А как же будет судить их Бог? По их вере и совести. Значит, скажете, спасение возможно и вне христианства?

Ответ на этот вопрос связан с тем, что мы понимаем под «спасением». Следует признать, что в вульгаризированной теологии, которая нередко заражала и серьёзных мыслителей христианства, «спасение» мыслилось по упрощенной схеме: попал в рай — спасся, нет — погиб. И «спасение» приобретало узкий «загробный» смысл. При этом формальной принадлежности к Церкви в данном случае придавали утрированное значение. Я легко могу понять, как могла укрепляться подобная точка зрения в «дисциплинарные» эпохи, но она по существу чужда христианству. Оно вообще не делает ударения на посмертии. В Евангелии о нём сказано очень мало, да и то в приточной форме. Наше чаяние — в грядущем преображении мира, в космическом просветлении твари и человека. «Чаю воскресения мертвых»… Упор на частной судьбе за гробом в этом «эоне» явился как прямое влияние «языческих» доктрин: египетских, пифагорейских, платоновских.

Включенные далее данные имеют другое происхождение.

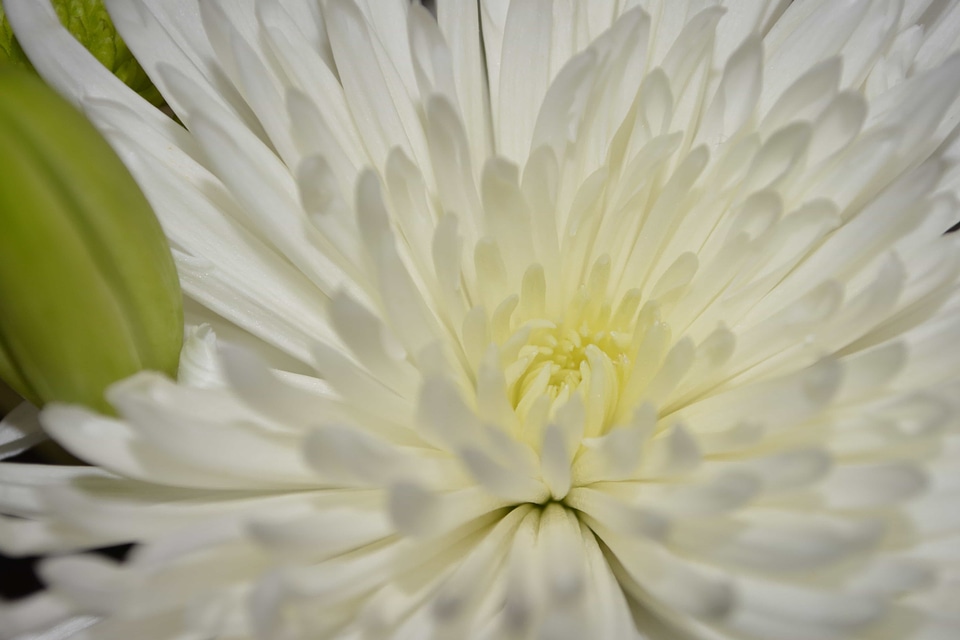 Beautiful beautiful flowers biology
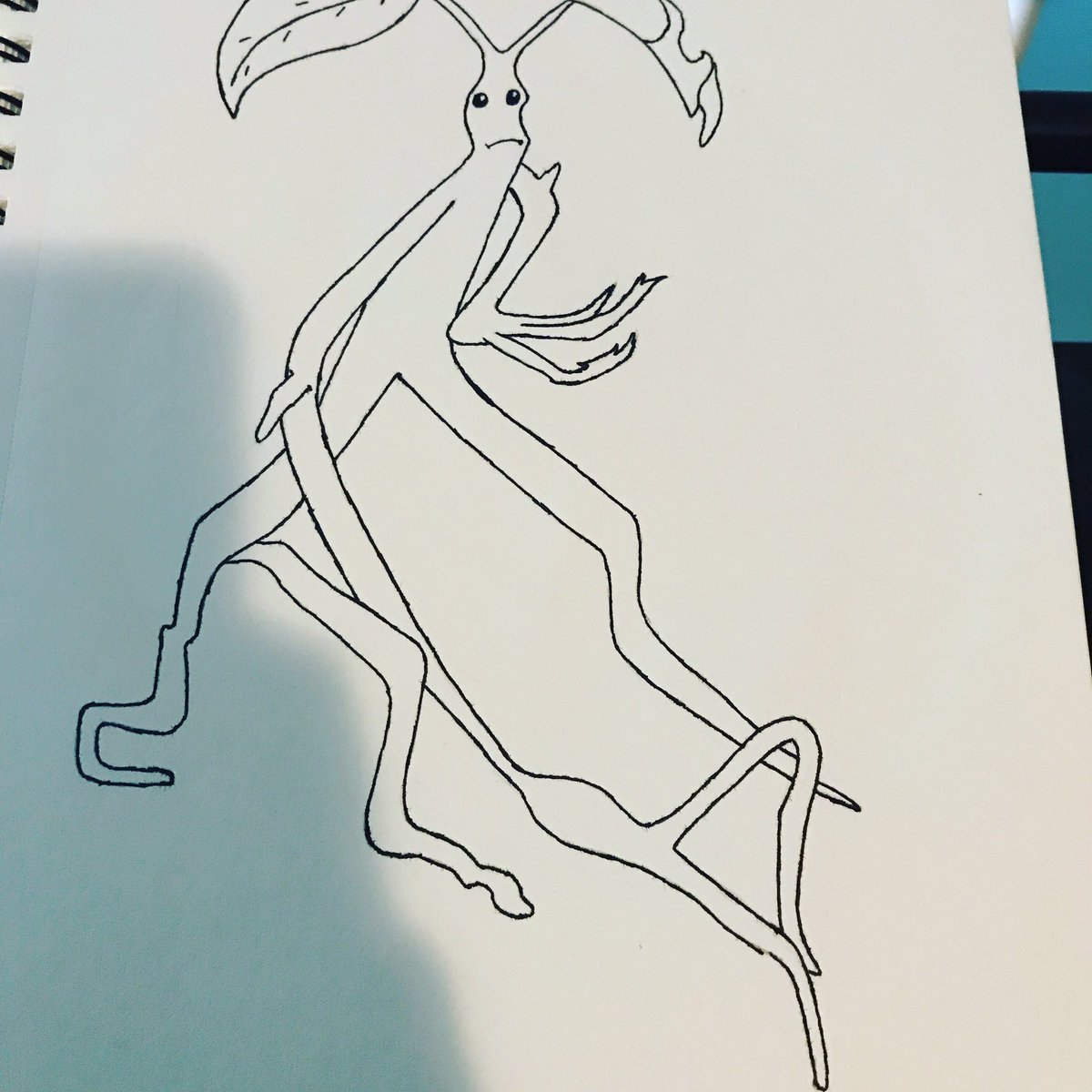 Scentwithroxanne On Twitter Little Draw I Did Pickett Bowtruckle Fantasticbeasts Newtscamander Https T Co Dsp9nhs4on Twitter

Мы, конечно, верим в воздаяние. Верим в то, что существует некий нравственный миропорядок, который трудно обозрим в рамках посюстороннего опыта. То, что греки провидели в Дике, а индийцы в Карме — есть предощущение этого миропорядка. Для начальных ступеней сознания нужно было нечто более чёткое и простое, а именно: грех и как естественное следствие его — возмездие.

Но при всём этом нам не дано проникнуть в тайны путей Божиих, и попытки их рационализировать изобличает книга Иова.